The Indian economy is in a sweet spot on external front as a) brent crude prices have fallen ~35% from recent peak and b) rupee has appreciated by 6% from recent lows - which has led to reversal in foreign flow sentiment for Indian markets (from negative to positive). Current external environment bodes well for current account balance (foreign trade and flows), fiscal deficit, inflation and interest rates. Though global growth concerns would be negative for Indian exports, we expect current global environment to have an overall net positive impact on India’s growth (as India is a net importer of commodities). We also expect lower crude to support demand revival, by adding to disposable income (as per NSSO’s 68th survey ~12% of average Indian’s wallet spend directly depends on crude while rest 88% is impacted indirectly) and enhancing India Inc’s margins (by reduction in fuel, material and freight cost), though after a quarter’s lag (Q4FY19 end/start of Q1FY20E). The liquidity situation at NBFCs too should improve, as RBI has taken measures to ease the situation, such as a) Banks’ outstanding (o/s) credit to NBFCs was up 57% yoy in Nov 2018 and b) RBI’s liquidity adjustment facility (LAF) was in the surplus zone for most of Dec 2018. However, not all is hunky dory as: a) the fiscal situation remains weak (115% of BE for fiscal deficit already utilized), a mild fiscal slippage cannot be ruled out, b) there is moderation in industry growth, given that GST-related disruption in the base has settled and the festive season was rather lukewarm, c) urban consumption demand too is moderating, as 7th Central Pay Commission (CPC) benefits settle into the base. In this note, we highlight five emerging key trends (inching close to private capex revival, consumption dichotomy, strength in electricity and coal, lower crude and liquidity situation) and how to play them.

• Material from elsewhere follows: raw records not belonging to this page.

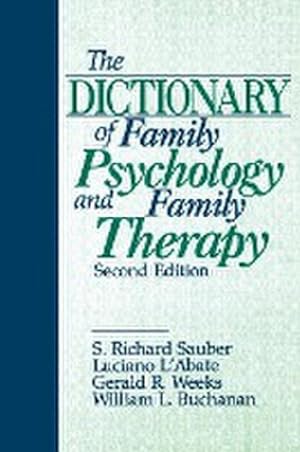 Imagen del vendedor de The Dictionary of Family Psychology and Family Therapy a la venta por AHA-BUCH GmbH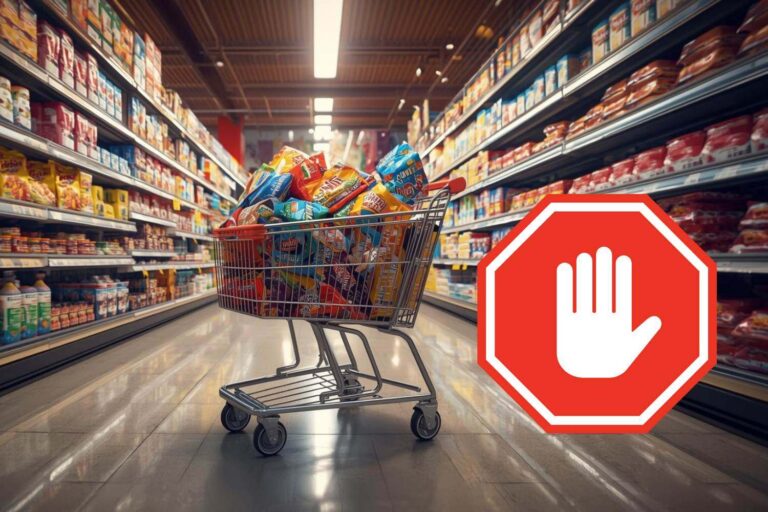 cibi ultraprocessati stop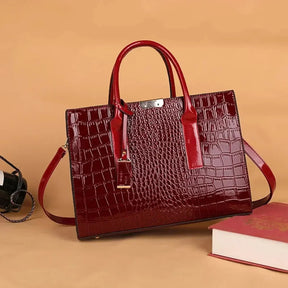 Natália Croc Bag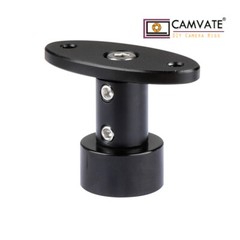CAMVATE Microphone Holder Table Ceiling Podium Wall Mount 5/8″-27 Female Thread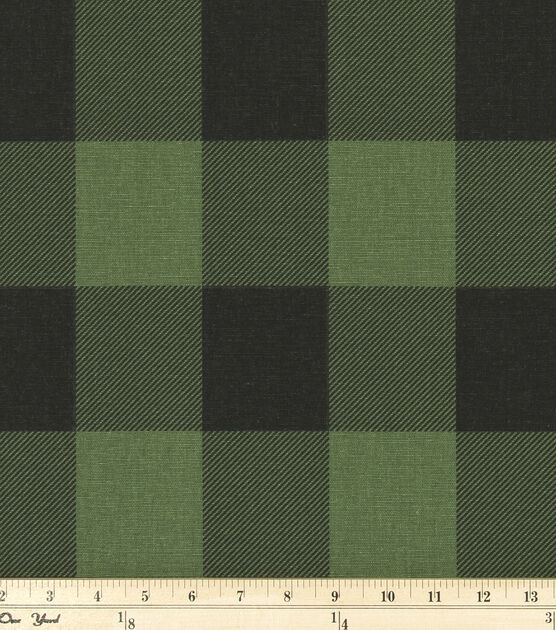 ShopFabric  Check - Plaids - Buffalo Check Style Fabrics – Tagged green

Sharp turnaround in external macro environment; domestic growth moderates: A sharp turnaround is seen in India’s external situation (lower crude, rupee appreciation), bodes well for India’s a) current account balance, b) fiscal deficit, c) flows to Indian markets, d) consumer’s disposable income (as petrol, diesel and other related prices come down, albeit with a lag) and e) India Inc’s profit margin. However, the domestic demand environment on the other hand, has seen moderation with the settling of GST implementation-related low base and growth having resumed a normal course. To our dismay, festive season sales have been lukewarm at best with poor indirect tax collection (FYTD19 collections have been flat). If the global environment stabilizes around current levels, we expect benefits to the domestic economy to accrue by the end of Q4FY19E/start of Q1FY20E, thus supporting domestic consumption demand revival.

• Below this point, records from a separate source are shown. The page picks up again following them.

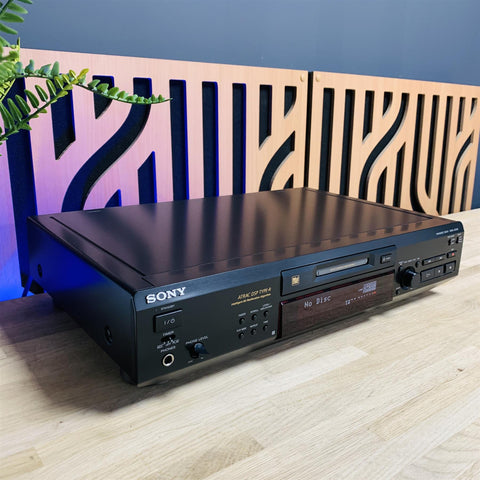 Sony MDS-JE530 MiniDisc Deck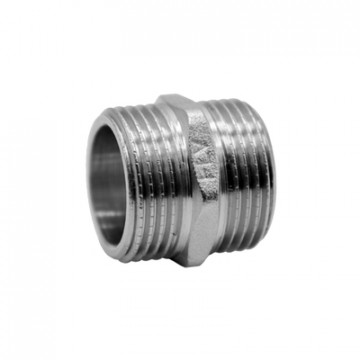 Ниппель 1/2" нар.-нар.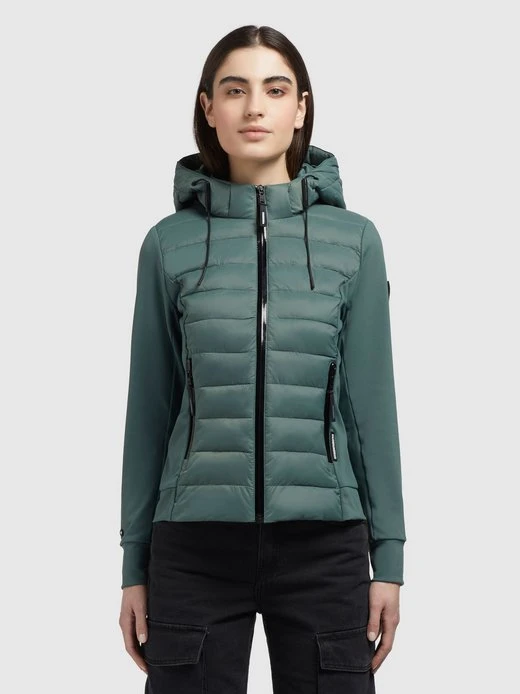 Damen Jacke - GHITA MATT Khujo Damen Jacke - GHITA MATT -Deutschland Khujo Verkaufs-Shop Damen Jacke GHITA MATT pdstandard 656982 0003 modelfront 1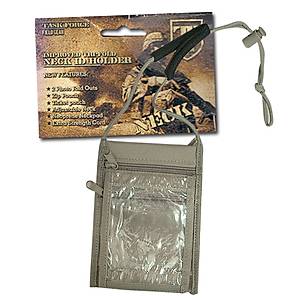 TASK FORCE FIELD GEAR NECK WALLET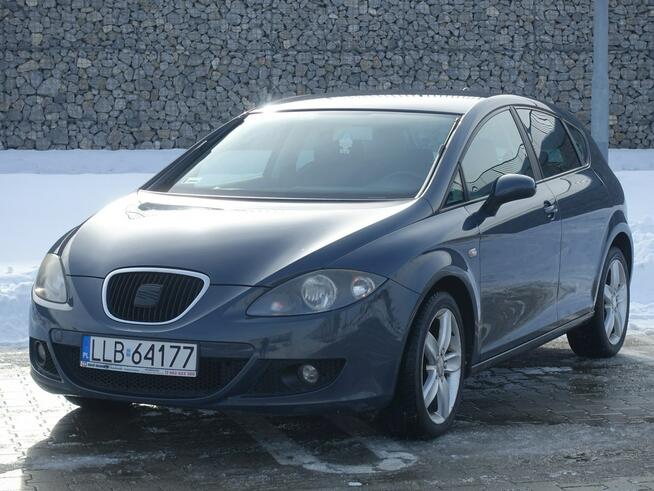 Seat Leon 1.9 Tdi 105KM/Klimatronik/ I Wł.w Polsce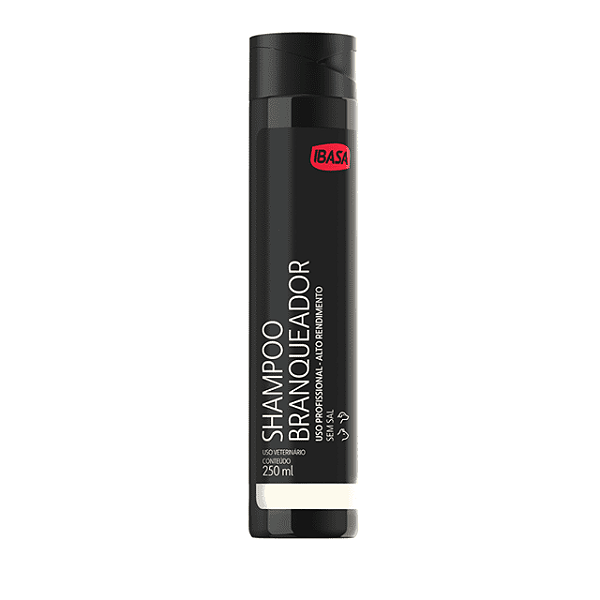 Shampoo Branqueador Ibasa 250 ml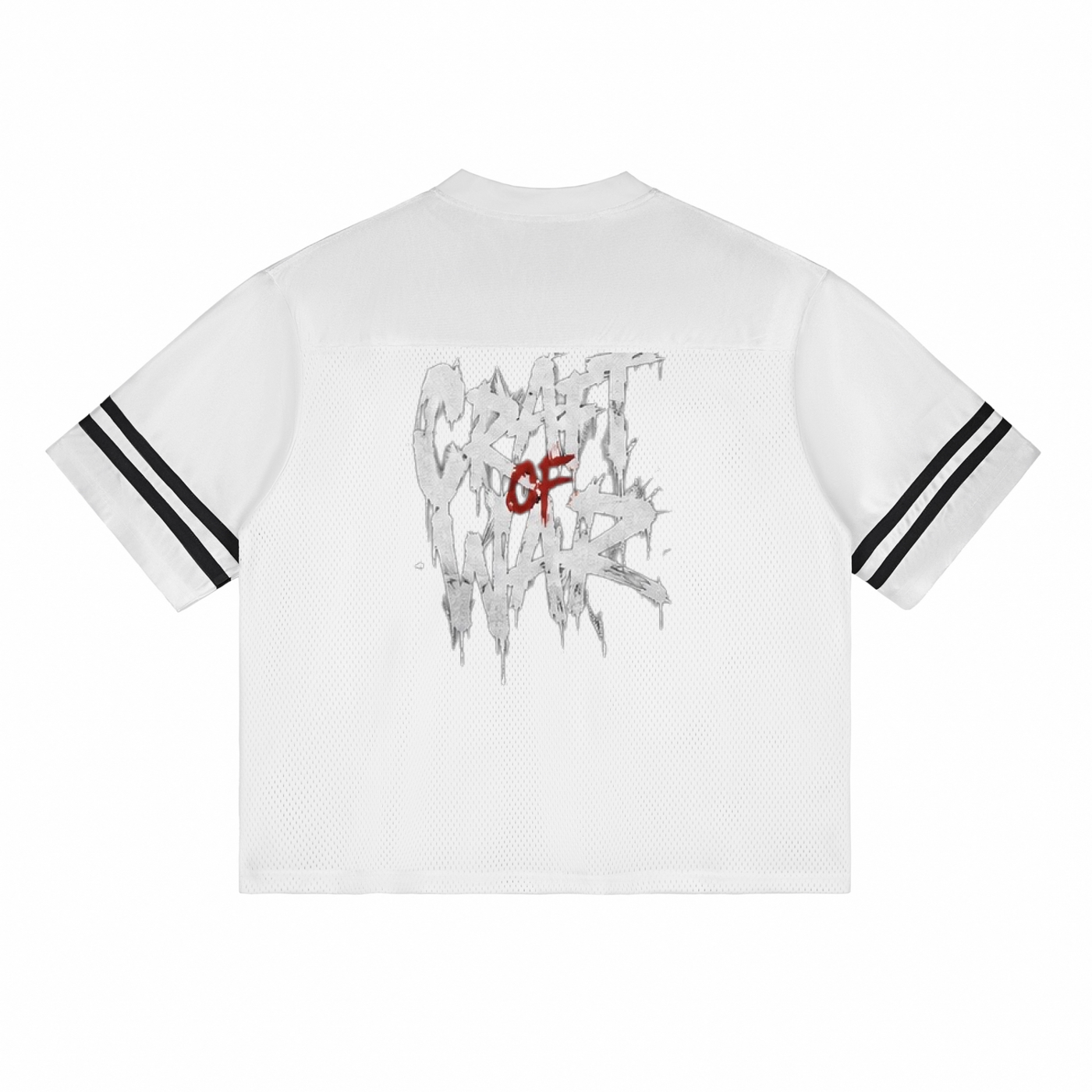 Taped Mesh T-Shirt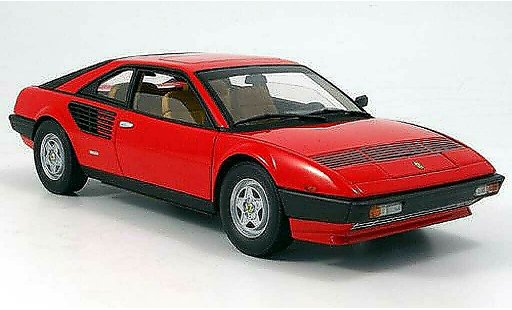 Ferrari Mondial Coupe 1/18 Hot Wheels Elite 8 rojo serie elite coche miniatura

Fiscal space tight as indirect tax collection and disinvestment receipts lag: FYTD19 (till Nov 2018) fiscal deficit utilization stands at 115% of budgeted estimate (BE) for FY19. Weak fiscal deficit is due to: a) poor indirect tax collections (flat FYTD19) and b) lagged disinvestment receipts (FYTD19 ~20% of BE vs 72% last year, FYTD18). The front loading in expenditure in the early part of the year has abated, with 15% decline observed in overall expenditure in Nov 2018. While we do not rule out a fiscal slippage, the same could be contained at 10bp of GDP (3.4% of GDP against 3.3% budgeted for FY19), as there is a likelihood of the government pushing pending payments to states, Food Council of India, etc. until FY20E (adding to arrears).
Monetary and credit indicators strengthen: RBI has supported the IL&FS scare-led NBFC liquidity crunch by: a) injecting liquidity into LAF for most of Dec 2018, and b) easing norms for bank lending to NBFCs. These measures have led to 57% rise in banks’ o/s credit to NBFCs in Nov 2018. Moreover, ex-NBFC, non-food SCB credit too registered strong 11.4%yoy growth in Nov 2018.

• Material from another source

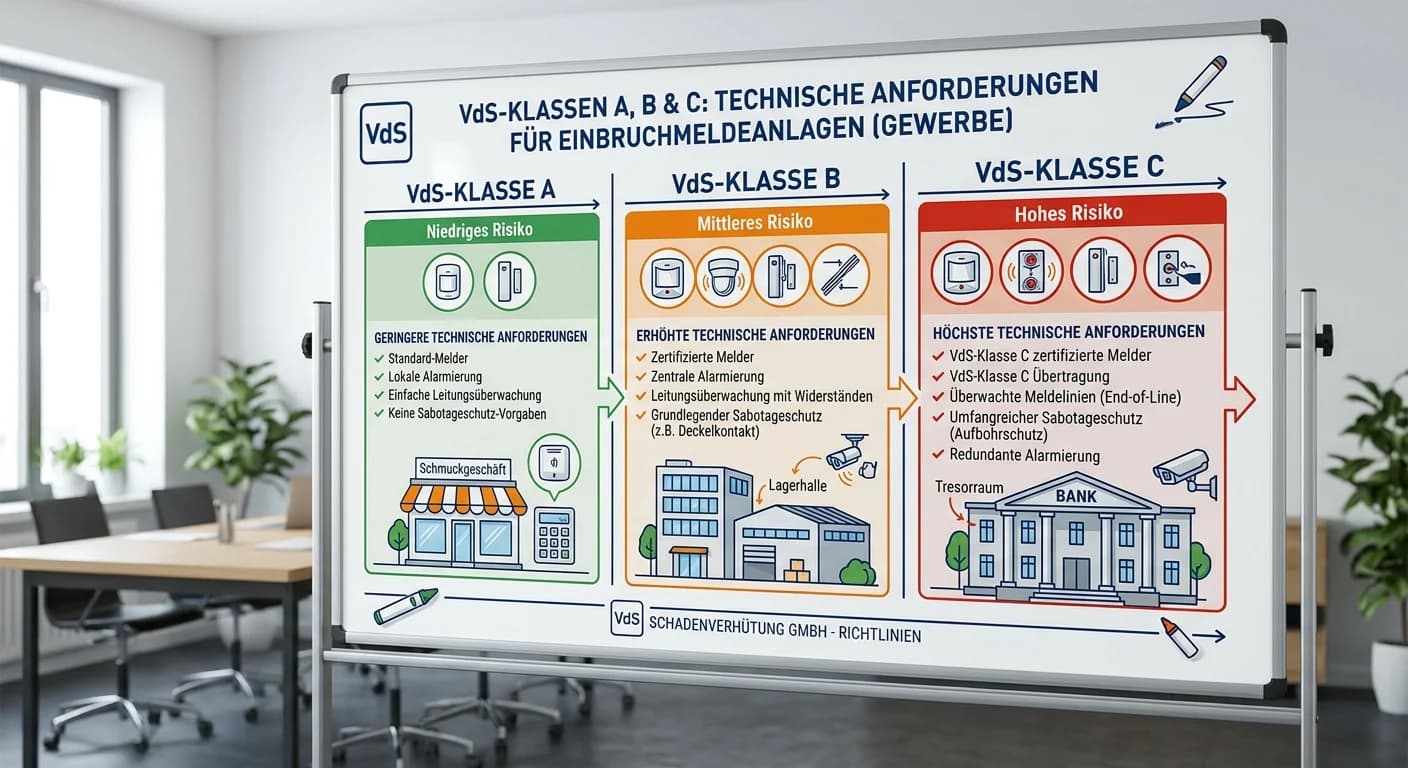 Schutz & Sicherheit: Welche technischen Anforderungen müssen Einb – einfach erklärt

Rural/urban consumption divide stark; rural consumption remains strong but we would monitor Rabi sowing progress: The dichotomy in consumption space continues. Personal 4W sales were weak, perhaps due to fading 7th CPC benefits, interest rate rise in 2018 and higher crude prices (scaled back since Nov 2018). We expect moderation to continue until mid-2019. However, our rural scorecard looks robust, having derived benefits from a reasonable kharif crop, increase in agri and allied activities loan growth, reasonable 3mma tractor sales on a high base; overall, rural consumption demand growth has outpaced urban. We see weak rabi crop as a key challenge to rural consumption, as rabi sowing as of Dec end was down 3% yoy. As 90% of rabi sowing is done by Jan end, we would closely track its development.
Private capex revival likely: Capacity utilisation uptick and capital availability are the key levers for private capex revival. With capacity utilisation in Sep 2018 at 76.1% and GNPA falling 70bp to 10.8% from a peak of 11.5% in Mar 2018, both levers seem to be warming up for a possible private capex revival. However, it may take a few quarters for the cycle to take shape, as GNPAs are still high on an absolute basis. Nonetheless, the cycle seems to be inching closer and we would keenly watch for developments on this front.